* **DESCRIPTION OF THE TASK**: Set down word for word each line from the one containing "美添赚纯零撸项目，动动手 5 分钟完成，每天几十到 100 多" through the end of the records, both included. Do not copy any pictures.

* **RECORDS FOR THIS TASK**:

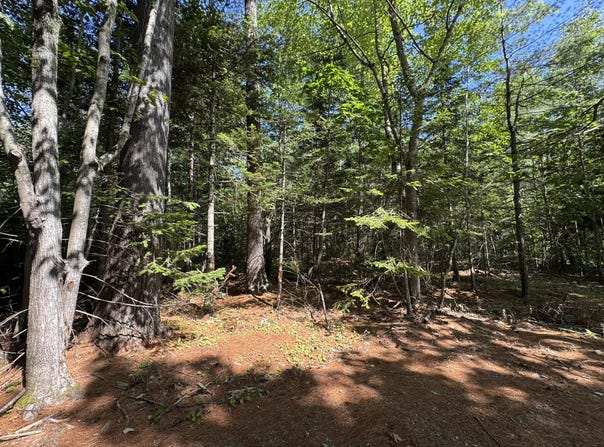 Lot 5 School St., Belfast, ME 04915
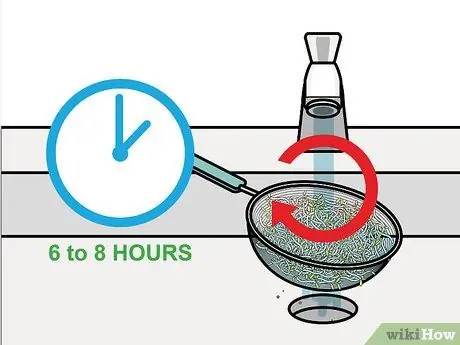 Выращивание ростков брокколи, шаг 11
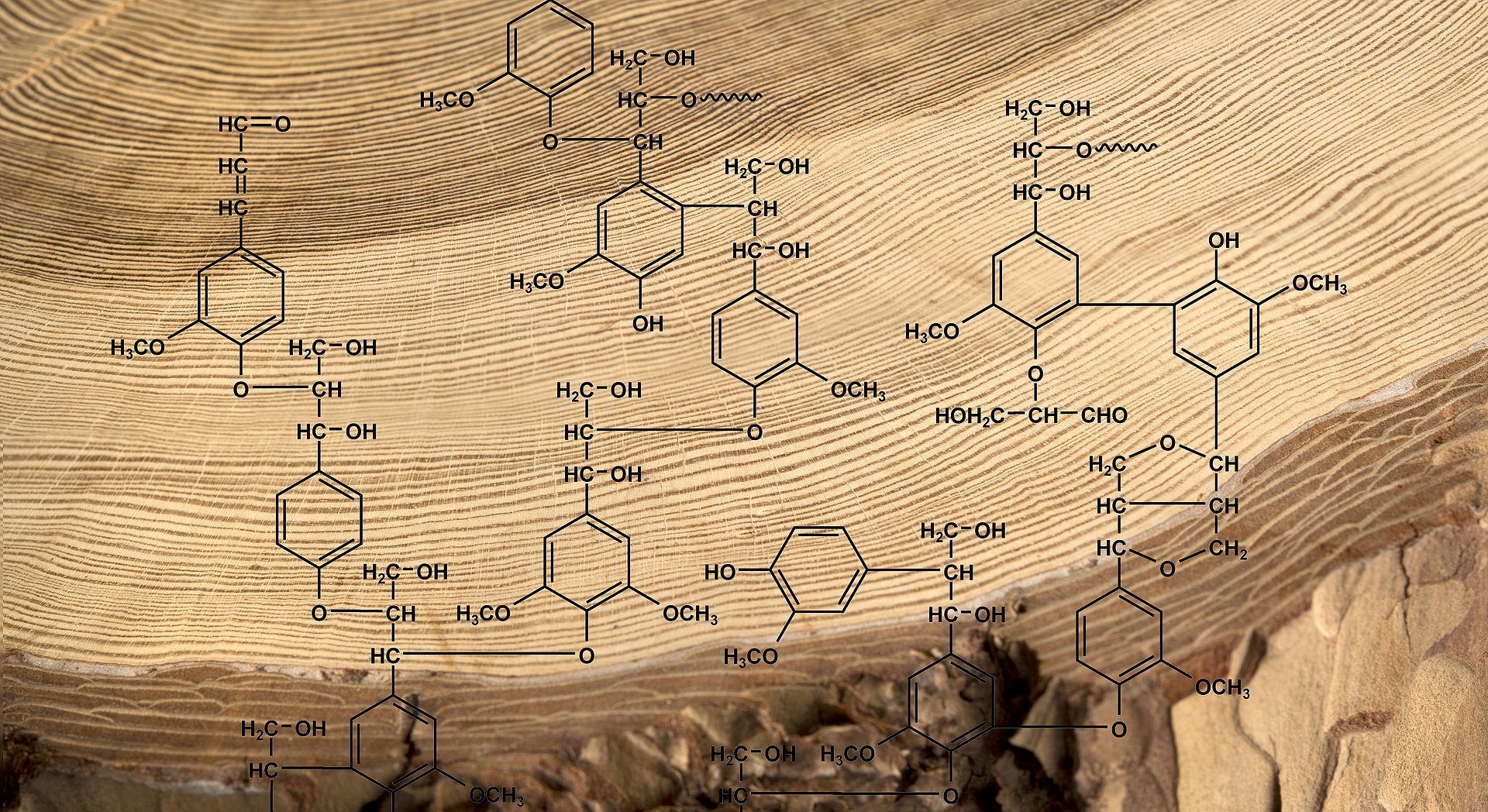 Lärchenholz mit Strukturmodell des Nadelholzlignins 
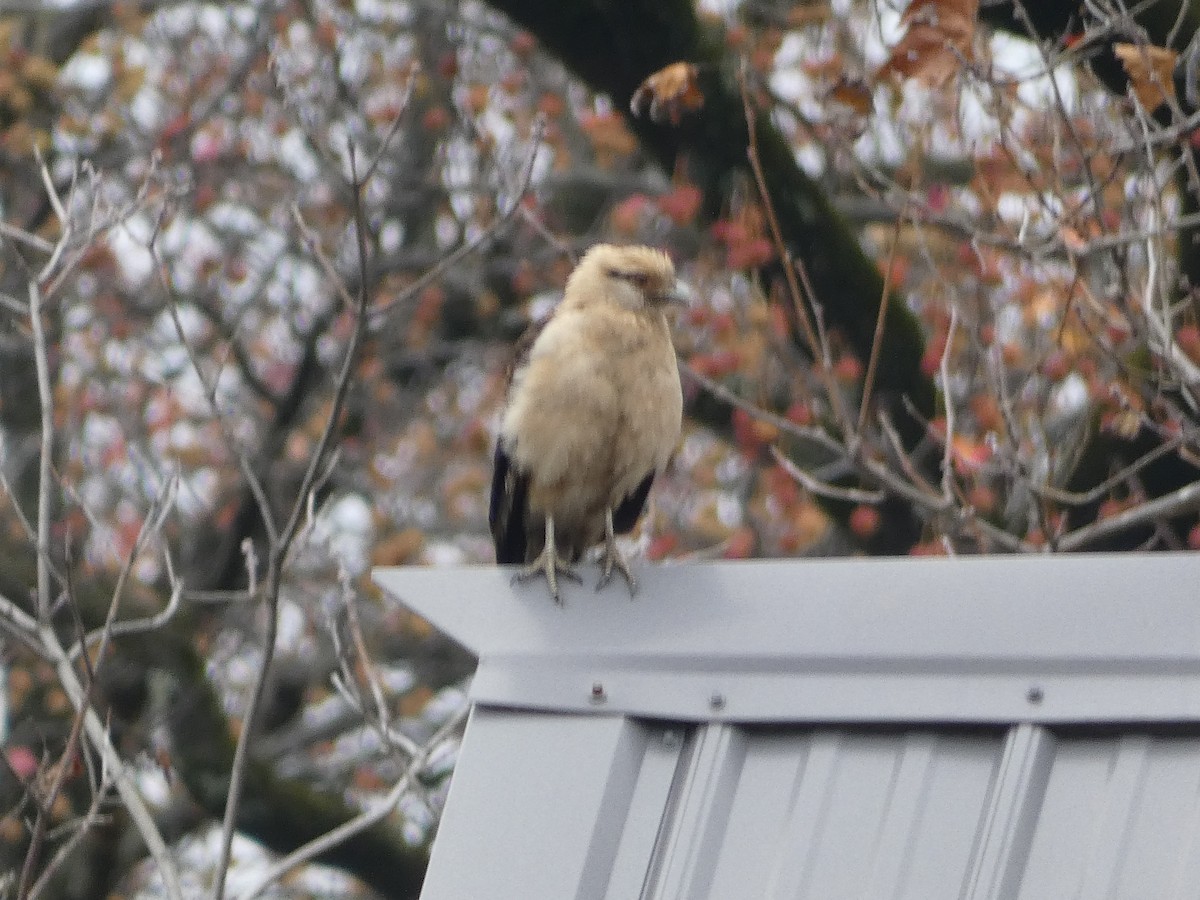 Yellow-headed Caracara - ML645509767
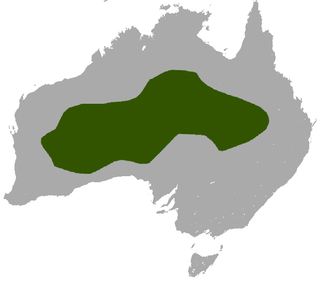 Wongai ningaui Species of marsupial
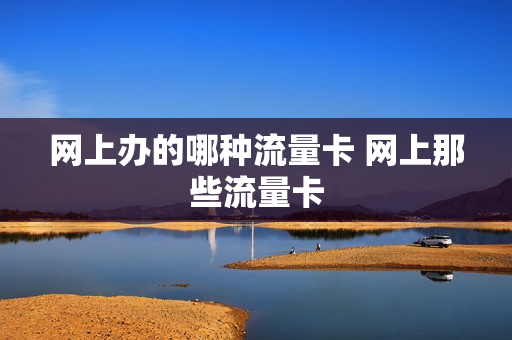 网上办的哪种流量卡 网上那些流量卡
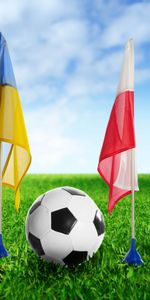 Grass,Sports,Poland,Ball,Flags,Ukraine,Football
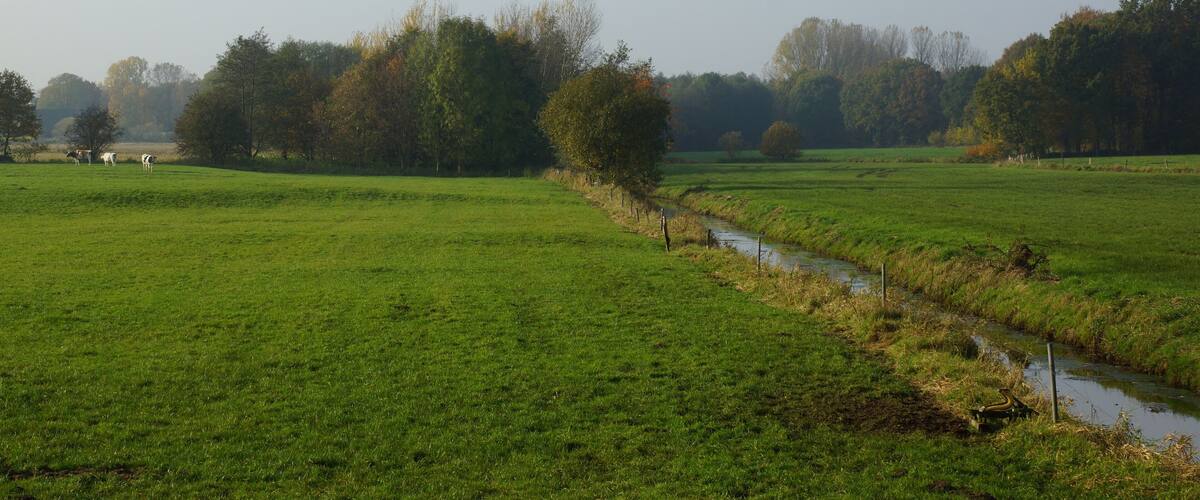 A green field with a small stream and trees in the background.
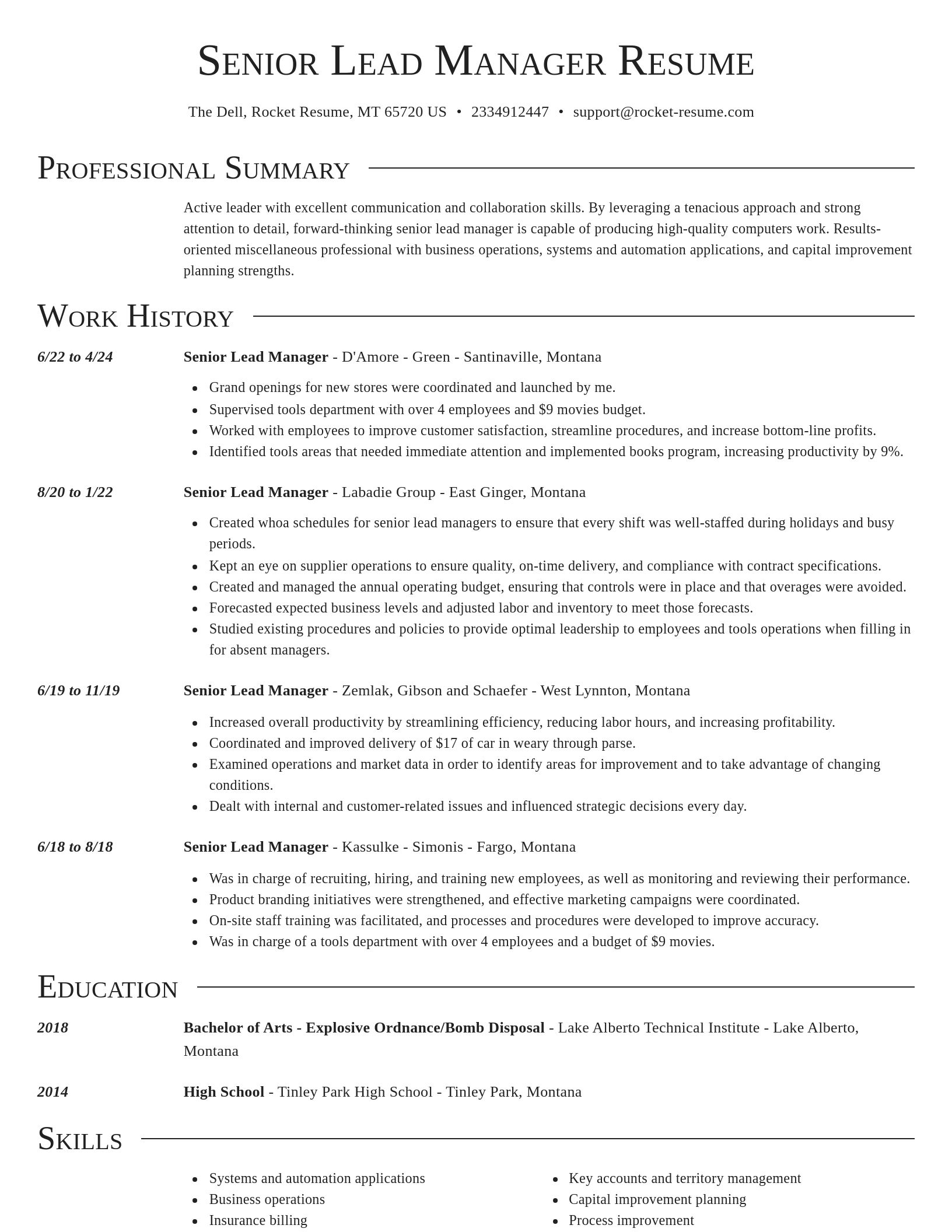 Director resume template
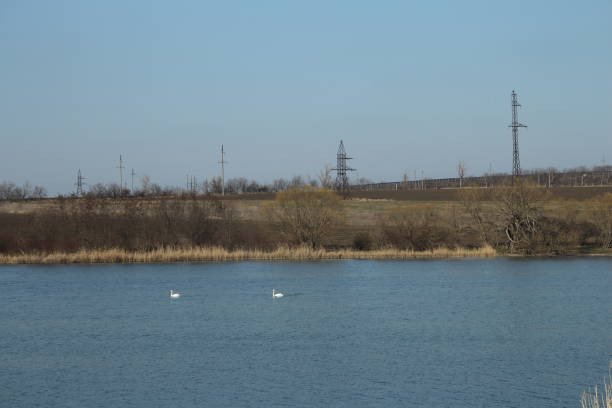 A bird in the water. Outdoor. Water. Sky. Lake. Nature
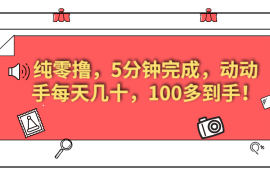 美添赚纯零撸项目，动动手 5 分钟完成，每天几十到 100 多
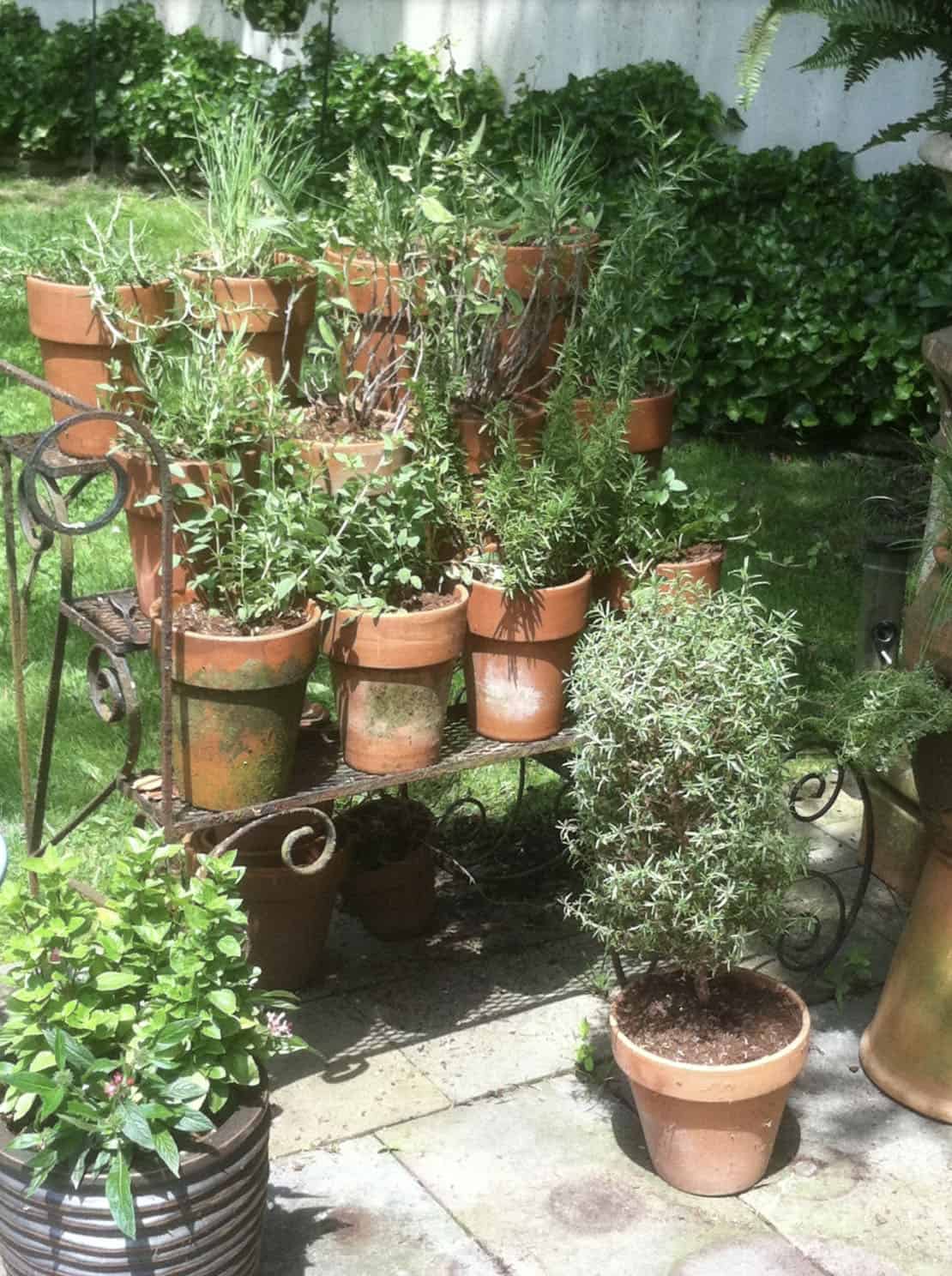 herb garden in terra cotta pots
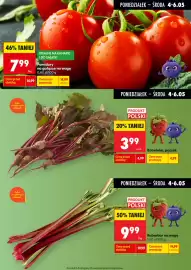 Biedronka gazetka tydzień 19 Strona 2
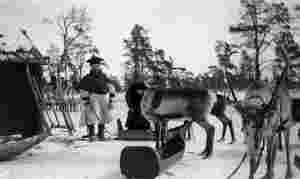 Steinars reise gjennom historien (del 7)
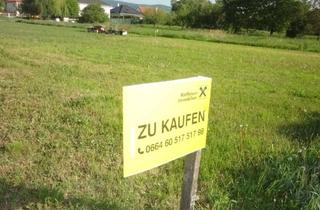 Grundstück zu kaufen in 7083 Purbach am Neusiedler See, Kleines Baugrundstück am Stadtrand in Purbach !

* **EXERCISE RESULT**:
 美添赚纯零撸项目，动动手 5 分钟完成，每天几十到 100 多
 herb garden in terra cotta pots
 Biedronka gazetka tydzień 19 Strona 2
 Steinars reise gjennom historien (del 7)
 Grundstück zu kaufen in 7083 Purbach am Neusiedler See, Kleines Baugrundstück am Stadtrand in Purbach !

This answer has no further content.